Wednesday, September 28, 2011

The Christian in the Free World—a Survey

Towards a Politics of Imagination, Part Three

Last time Quaker activist Parker J. Palmer divided life into the private, public, and political spheres, wherein the three most fundamental meeting places are the classroom, the congregation, and the workplace. This time I’d like to discuss how Christian congregations approach the three spheres.

Many frustrations surely begin in the private realm. This is the space we reserve for ourselves and those we trust—family, friends, and God. But it also bears our greatest disappointments. Most honest adults will agree our lives are not where we would like. Caryn Dahlstrand Rivandeira, author of Grumble Hallelujah, believes we can do something about that.

If we believe God takes an active interest in human affairs, then surely God shares our grief that life lets us down. This gives us permission to weep for the life we expected, freeing us from our burdens and letting us move onto life’s next stage. When we do that, we shed the shame which impedes us.

For many, private life offers the firm foundation to face the public and political spheres confident in our beliefs and positions. When private live shackles us to past expectations, be it in family, work, or friendship, we aren’t free to serve God. Drawing on the Book of Lamentations, Rivandeira insists we have a God-given right to face the present by mourning the past.

Unfortunately, for many Christians, church is the last place we feel free to speak our frustrations. Too often, congregations treat disappointment as apostasy. We need to shed that, because Christianity’s public sphere, the congregation, should heal and nurture. I feel this lack keenly at the heart of Ronnie Floyd’s Our Last Great Hope.

Reverend Floyd has a long history of working to advance the Great Commission. Unfortunately, he and I disagree on the word “disciple.” He holds forth at length on the importance of witness and outreach. While evangelism is an important aspect of Christianity, Floyd uses it in a way that I fear diminishes others we meet in our public lives.

Floyd makes a persuasive case that Christian outreach follows a concentric pattern, from families to communities, through the nation, into the whole world. However, he presents this outreach, and indeed all public interactions, as an urgent opportunity to make converts. This saps “the other” of basic humanity.

If I see everyone I meet as a potential convert, I reduce all other persons to numbers on a checklist. I make all other persons unequal to me, because they must submit to my point of view. Christ calls us to make disciples, not converts. Discipleship is a relationship based on sharing, teaching, and nurturance.

The public sphere does not exist to give us a soapbox to transform the world. It exists to let us build relationships with equals. I may try to persuade equals to my opinion; but if I see my opinion as the only one, and strangers as either with me or ripe for change, I make them unequal, even subordinate. This violates my own interest.

This also explains the frustration many Christians have in the political arena. As journalist Alisa Harris reveals in Raised Right, many sincere Christians equate their faith with a certain outlook—often conservative—and, because they believe one is absolute, the other must follow suit. Sadly, reality has a way of upsetting that apple cart.

More memoir than manifesto, Harris’ narrative contrasts her childhood certainty with the struggle she encountered carrying Christian conservatism into adulthood. When she received her views from parents and church leaders, claims like Ronald Reagan’s goodness and liberalism’s perfidy could hold water easily. But real life doesn’t permit such certitude.
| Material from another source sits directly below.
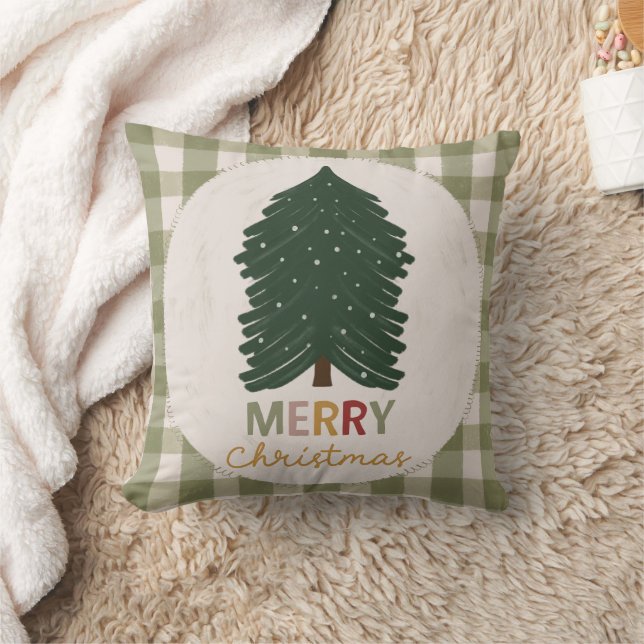Coussin Green Plaid Joyeux Noël pour Rustique Farmhouse (Couverture)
College and working life provided tensions that Harris couldn’t reconcile with rightist dogma. Some people, she learned, are so downtrodden that they needed government assistance. Some capitalists don’t run their businesses along Christian lines. The tension forced her to evaluate her prior presumptions.
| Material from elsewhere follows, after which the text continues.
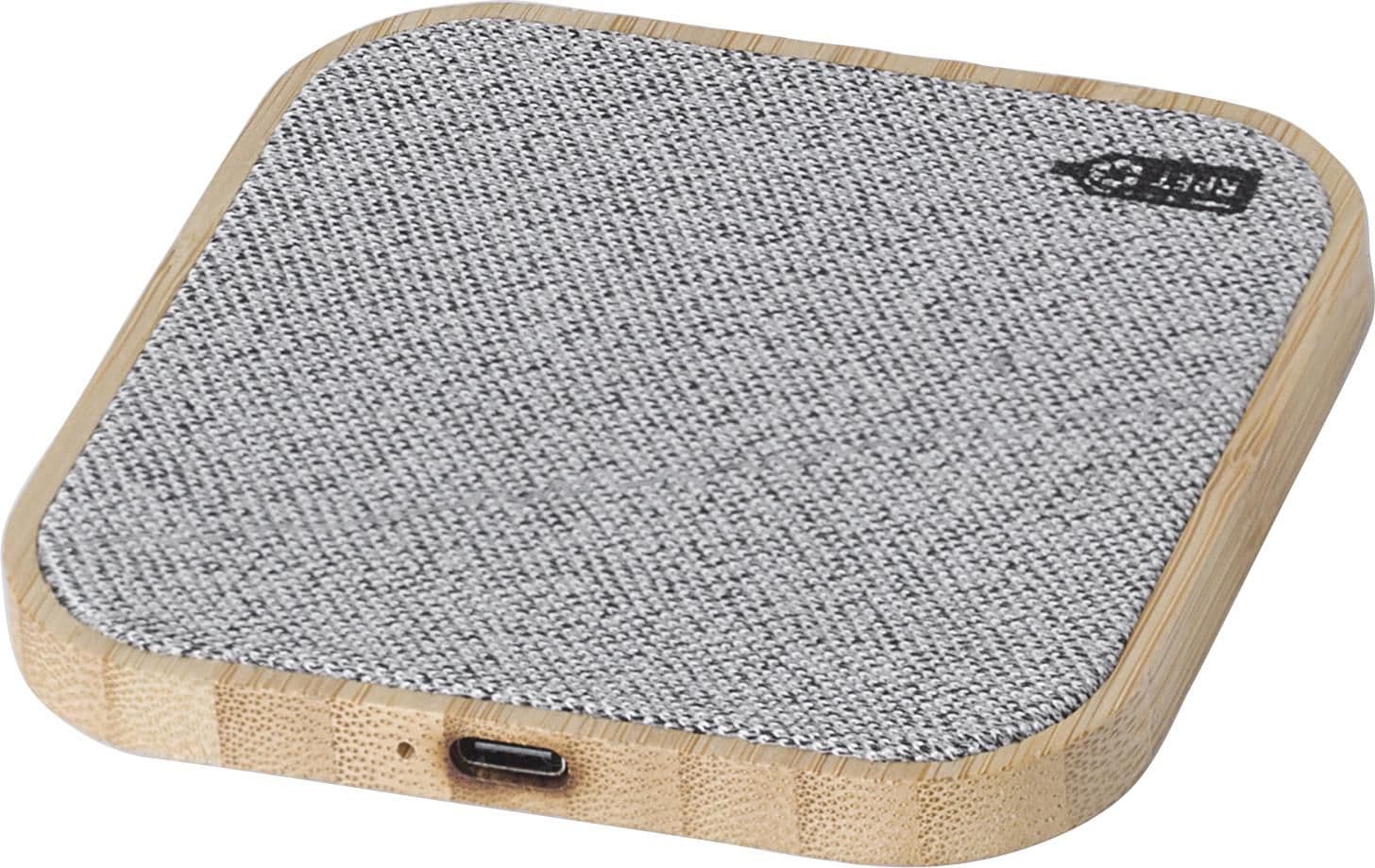 Kabelloses Ladegerät Moses | Bambus | rPET | 15W, IMPRESSION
Harris embodies a movement many Christians experience: from family to adult life to political engagement. Her struggle to create a mature politics around her Christian faith mirrors my own struggle a years ago, and if Harris is like me, she has more upheaval to come. Conventional liberalism will prove as unsatisfying as inherited conservatism.

Good Christianity carries the same demands as Parker J. Palmer says good citizenship carries. If we believe in America’s Christian heritage, as many do, then bolstering our faith will make us better citizens. Here’s hoping people of faith have the courage to engage the spheres of life with complete fairness.

Part One
Part Two

1 comment:

  1. Well said. I especially related to your discussion of evangelism, having grown up in a [semi-]rural Baptist congregation that, to this day, still considers "church unity" a form of heresy and continues to laud organizations like "Jews for Jesus". Embracing such "us and them" mentalities with certitude opens the door to treating anyone as inferior, simply because they're different. And, while such xenaphobia might be Darwinian, I'd certainly like to believe that most Christians have the ability (whether realized or not) to strike a humanistic balance between reason and 'the beast within'.